LISA: I’m the owner and manager of pot & box. We are a full-service flower shop with daily deliveries and floral design services for weddings and events. We also provide horticultural decor for residences and businesses, with an emphasis on the extraordinary and unusual. We also offer container garden design services to facilitate folks planting up all those pots & boxes out there… Ha! I guess it really does all start back at the Jefferson Market. I lived around the corner, and ate there at least once a day. OK, sometimes three.

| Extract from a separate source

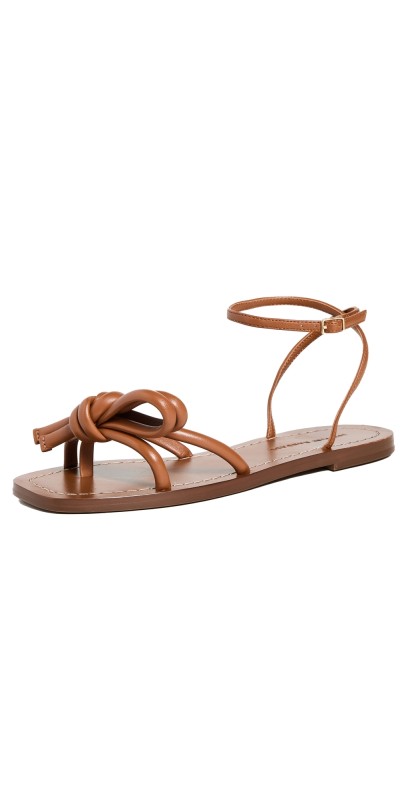 Loeffler Randall Leather Bow Flat Sandals Timber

JEAN: I used to own Jefferson Market. Now I work for Zingerman’s Community of Businesses to improve our environmental impact. I started my business in order to make the kind of life I wanted for myself and my family. What I learned quite accidentally, as people in the community became very attached to the business, and we became a community center, was that people yearn for community. We were not a perfect family or a perfect business, but we offered something people really craved — and it had nothing really to do with the coffee or the food. I really believe in community. I think we all know we need it, and we all know that, when we build it in the right way, our lives improve. I also believe in ownership… especially for women. Legacy, I’ve learned, happens in unpredictable ways… see eat, Helen and Blake’s business. I guess I hope SAM might be a part of that too. I’m doing this to apply what I’ve learned, and also to spend time with people I really adore. Lisa and I always talked business nuts and bolts. Helen and I do that too. We just, as Helen said, thought we’d broaden and formalize the conversation.

MARK: Until recently, Small & Mighty had been called YEP, which stood for Young Entrepreneurial People… Why did you decide to change the name?

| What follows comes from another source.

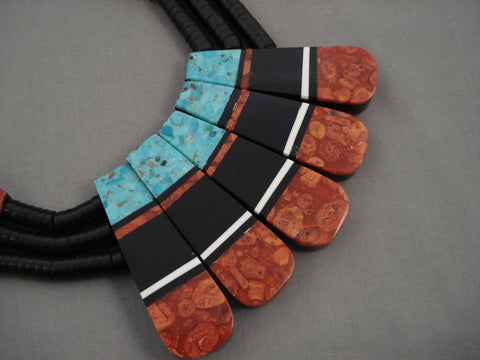 Huge Huge Huge Vintage Santo Domingo Turquoise Spiny Oyster Necklace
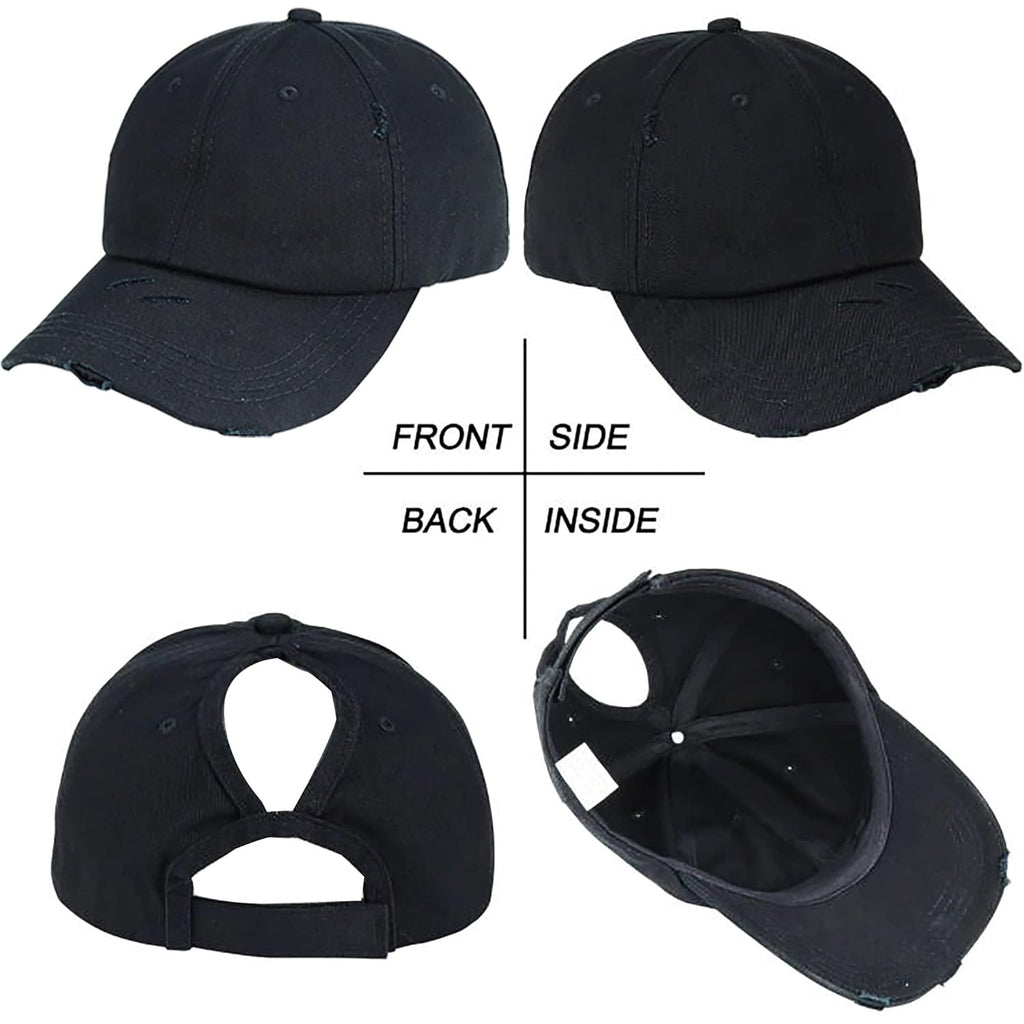 Eohak Ponytail Baseball Hat Distressed Retro Washed Womens Twill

HELEN: We got some flack from people who were part of the YEP network but didn’t consider themselves young. We always thought of “young” as a loose term. I think that’s how it went anyway… Lisa was more in charge of that one.

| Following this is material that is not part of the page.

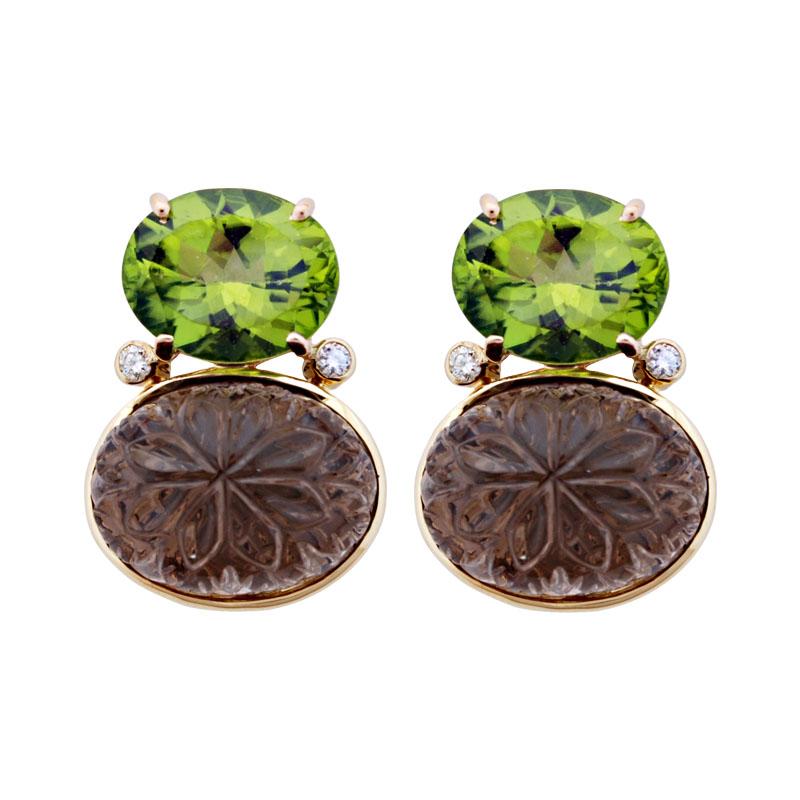 Earrings-Peridot, Smokey Quartz and Diamond (1848J) | Singhvi Jewels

LISA: We also got flack from people when we changed the name. As someone suggested in an offline comment, “I think you’ll find that the men in the group won’t like ‘Small & Mighty,’” to which I said, after I was done scoffing, “Well, individually, we are small and mighty, and collectively too. It’s perfect. I love it.” Ironically, I was the stubborn one that wanted to call us YEP. Then, after fielding many, many comments questioning the “Y is for Young,” I posted a call for a new name on the group’s Facebook page saying, “What should we call our small and mighty group?” The catalyst to change the name was hearing that we had won the Awesome Foundation grant, and, after a brief Facebook discussion, I renamed the group. SAM.

JEAN: We are not a brand or a marketing group. The name could change again. I am not young. I know ageism exists, so I’m happy we shed the “young.” I also never believe it’s too late to start a new chapter, or to take ownership. I hope we attract people across the age spectrum who are trying something new. I think intergenerational conversation has been lost because we always are dividing and compartmentalizing socially… More cheap philosophy points for me!

MARK: What will your $1,000 grant from the Ann Arbor Awesome Foundation be used for?

HELEN: $1,000! We are so excited and honored to be granted that money.

LISA: Yes! Huzzah! As I said in the application to the Awesome Foundation, we’d love to pay someone for the organizational tasks. (Because, as small business owners, we’re REALLY good at delegating, right ladies?) We’d like to build and cultivate an online presence. We’d like to host inspirational events. I’ve been looking at the monthly meet-up in Detroit called Open City for ideas. They have really terrific panel discussions, and always a great turn out.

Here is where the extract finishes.